Data shown =
□ □ □

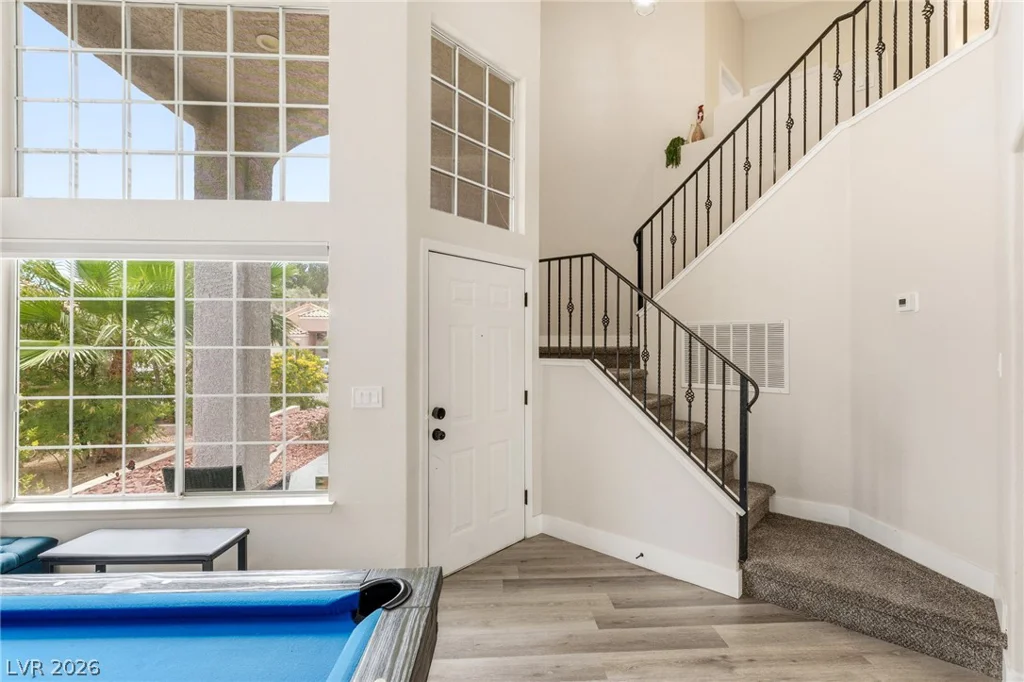 79 Sea Holly, Henderson, NV 89074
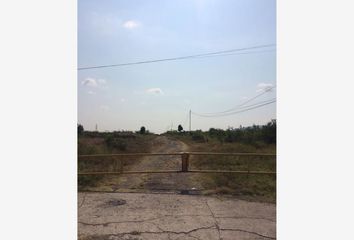 Lote de Terreno en  Carretera Cuautla Izúcar De Matamoros, Empleado Municipal, Cuautla, Morelos, 62754, Mex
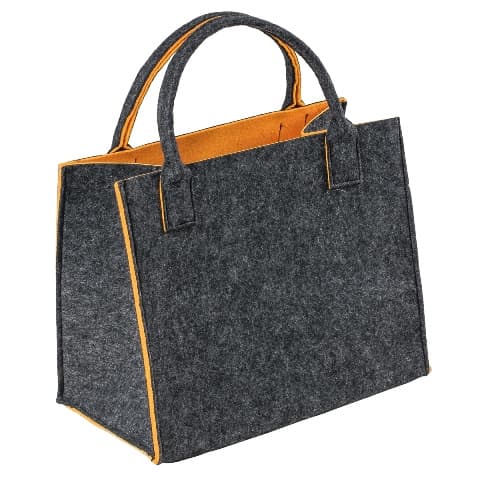 Filztasche
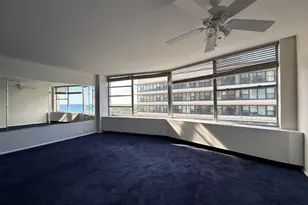 5757 N Sheridan Ave, Chicago, IL 60660 - Photo 9
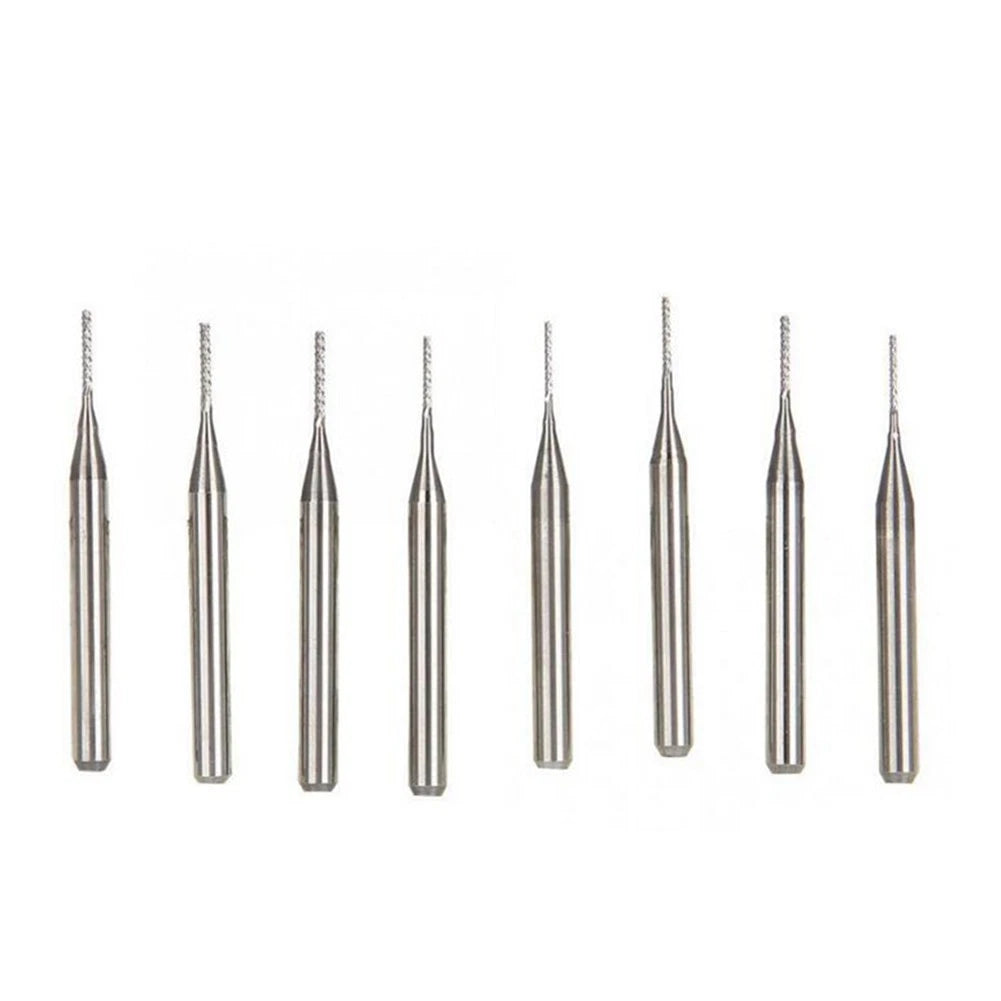 Screw Extractor Tool for Watch Movement Repair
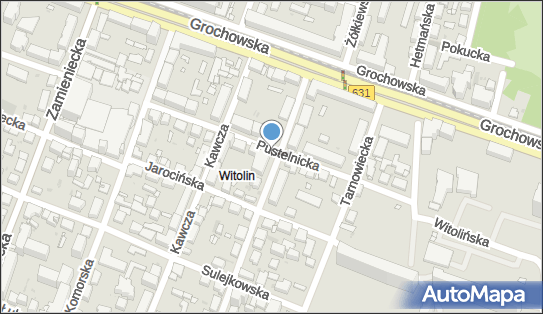DPD Pickup Punkty, Osiecka 49 lok. 2/3/4, Warszawa 04-173, godziny otwarcia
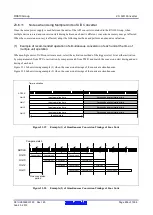 Предварительный просмотр 806 страницы Renesas RX600 Series User Manual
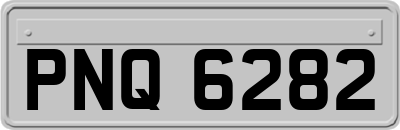 PNQ6282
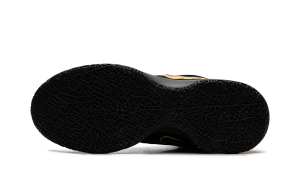 nike-zoom FJ1566-103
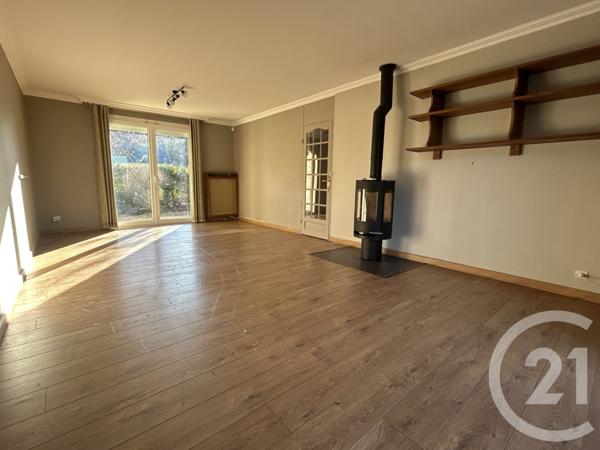 Maison à vendre  5 pièces - 96 m2 FLEURINES - 60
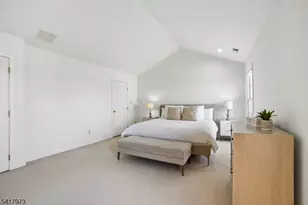 266 Patriot Hill Dr, Bernards Township, NJ 07920 - Photo 21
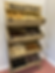 4CA5F826-1B61-4807-908D-3FACB4B5EA17.heic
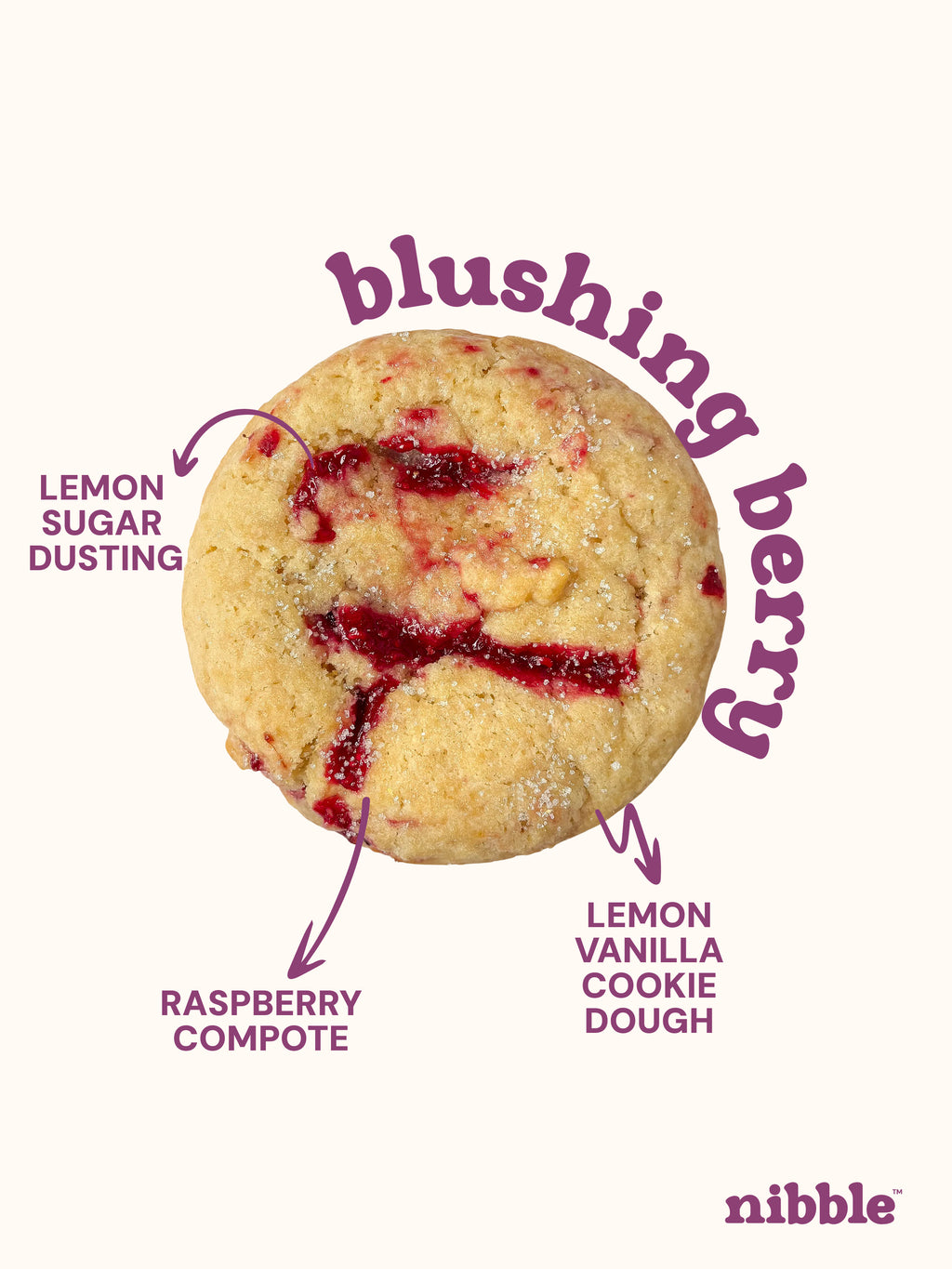 Valentine's Collection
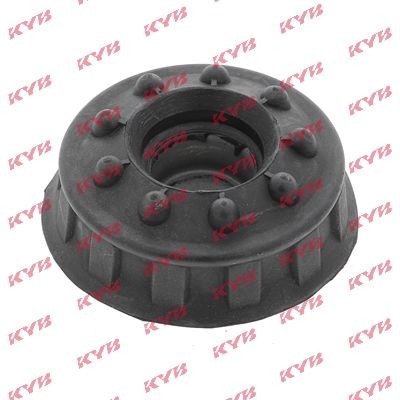 KYB SM9701: Rulment sarcina suport arc Suspension Mounting Kit puntea spate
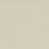 Antique White is out of stock
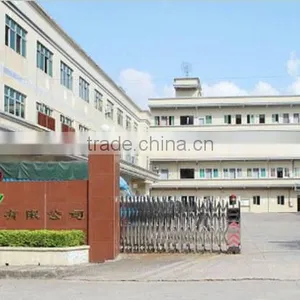 Dongguan Beilly Accessories Limited Company company overview - view 2 thumbnail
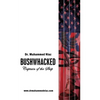 Bushwhacked: Captain of the Ship - Paperback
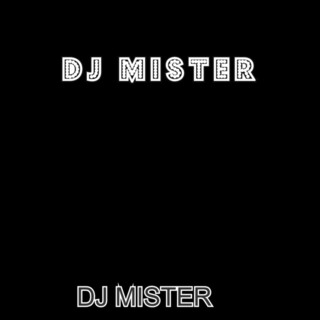 Dj Mister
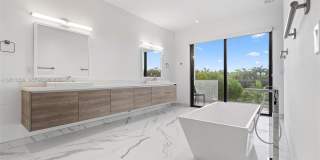 16529 N Botaniko Dr Gallery 29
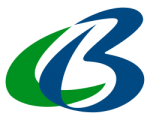 Basel_Convention_Logo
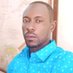 Christian Malirwa (@christianmalir5) Twitter profile photo Christian Malirwa (@christianmalir5) Twitter profile photo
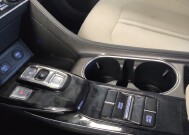 2021 Hyundai Sonata in San Antonio, TX 78238 - 18140553 26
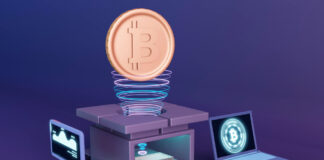 Understanding Crypto Over-the-Counter (OTC) Desks and Their Operational Mechanism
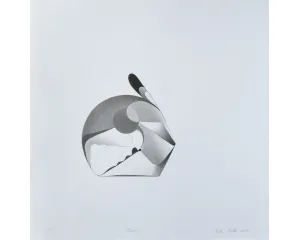 Současné umění - střední generace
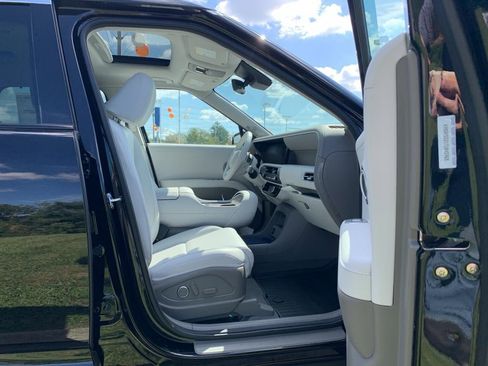 New 2026 Hyundai Palisade Limited image 66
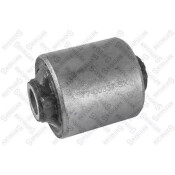 Сайлентблок рычага Stellox, арт. 77-00337-SX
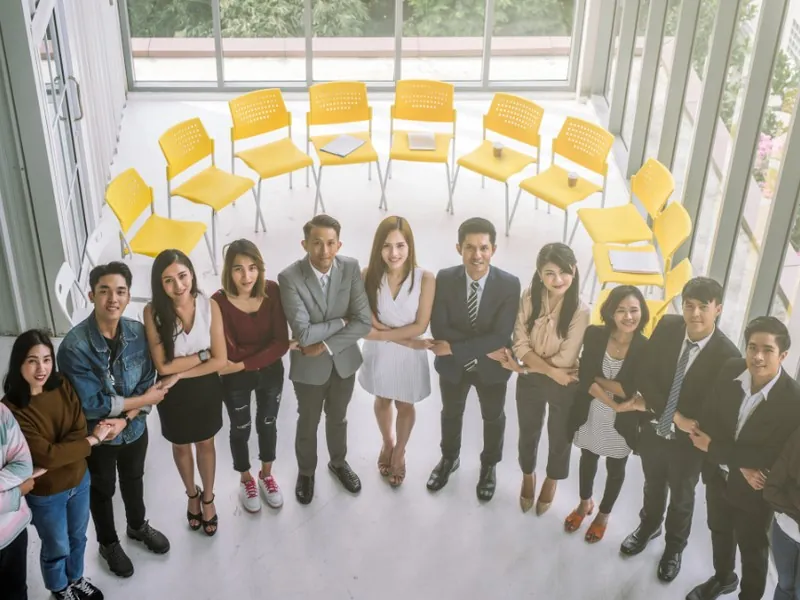 Hình ảnh minh họa cá cược có trách nhiệm tại fu88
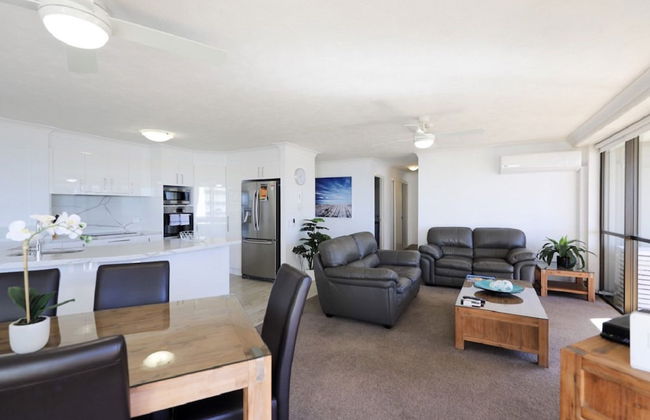 Bougainvillea Luxury Apartments - Photo 78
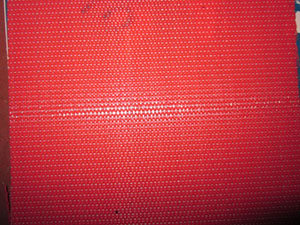 ���������ɾW(w��ng)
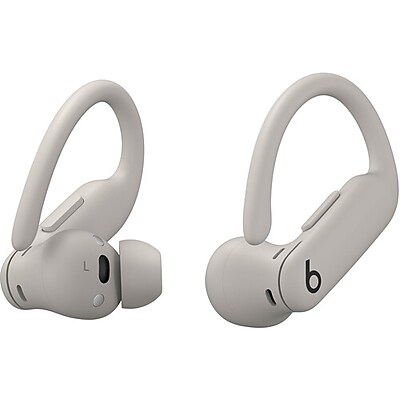 Apple Powerbeats Pro 2 - Thumbnail 2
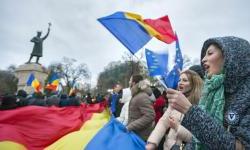 Ruske taktike protiv Moldavije otkrivaju šta prijeti evropskoj budućnosti BiH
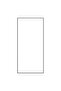 S24 Ultra 9H Crystal Sheild Finger Print Unlock Tempered Glass-Clear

□ □ □

All lines above between the line that contains "Apple Powerbeats Pro 2 - Thumbnail 2" and the last line of the entries, both included, must be transcribed exactly. No pictures are to appear.

The completed task =
 Apple Powerbeats Pro 2 - Thumbnail 2
 Ruske taktike protiv Moldavije otkrivaju šta prijeti evropskoj budućnosti BiH
 S24 Ultra 9H Crystal Sheild Finger Print Unlock Tempered Glass-Clear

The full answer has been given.